◆ Assignment ◆
Please return exactly the lines below that run from the line with "New & Stylish" through the end of the listing, both included, but not the pictures.

◆ Dataset excerpt ◆
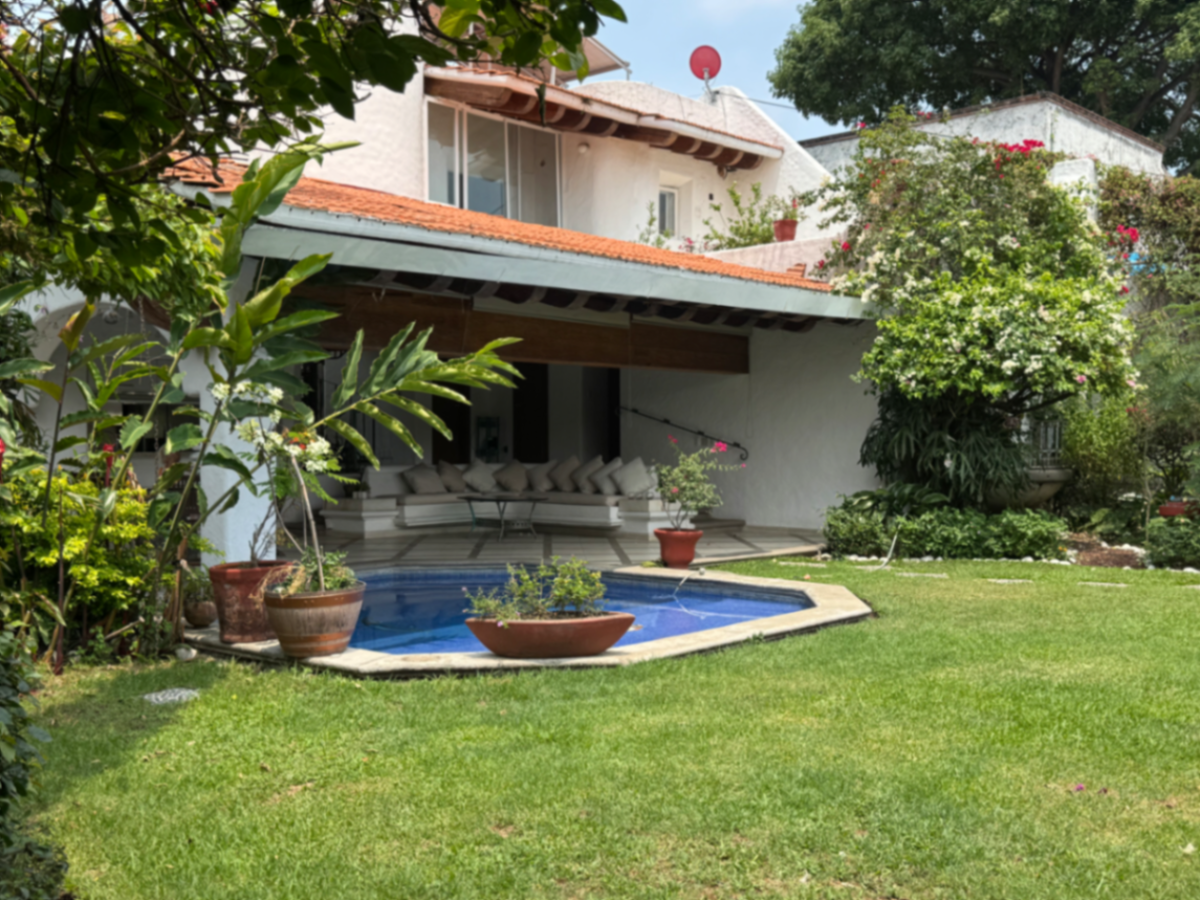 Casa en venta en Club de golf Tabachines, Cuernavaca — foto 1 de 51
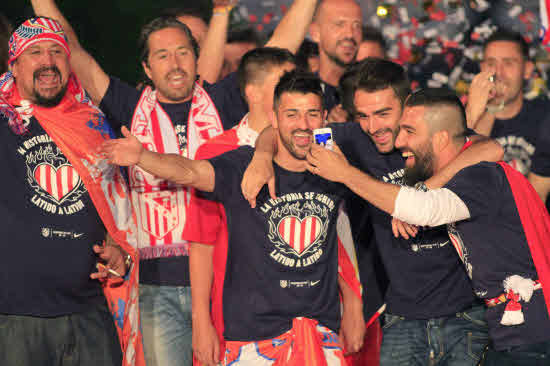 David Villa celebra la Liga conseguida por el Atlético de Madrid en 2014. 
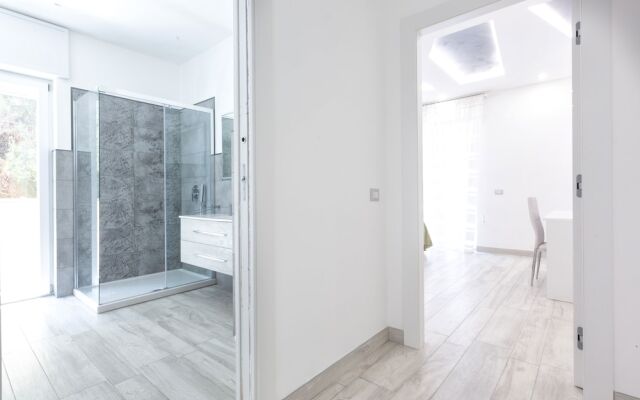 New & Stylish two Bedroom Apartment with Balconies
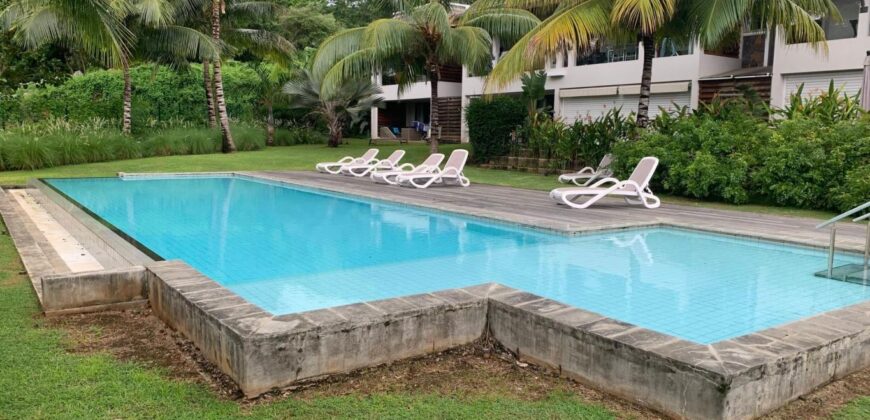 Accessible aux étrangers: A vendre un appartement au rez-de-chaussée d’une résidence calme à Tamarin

◆ Result of this exercise ◆
 New & Stylish two Bedroom Apartment with Balconies
 Accessible aux étrangers: A vendre un appartement au rez-de-chaussée d’une résidence calme à Tamarin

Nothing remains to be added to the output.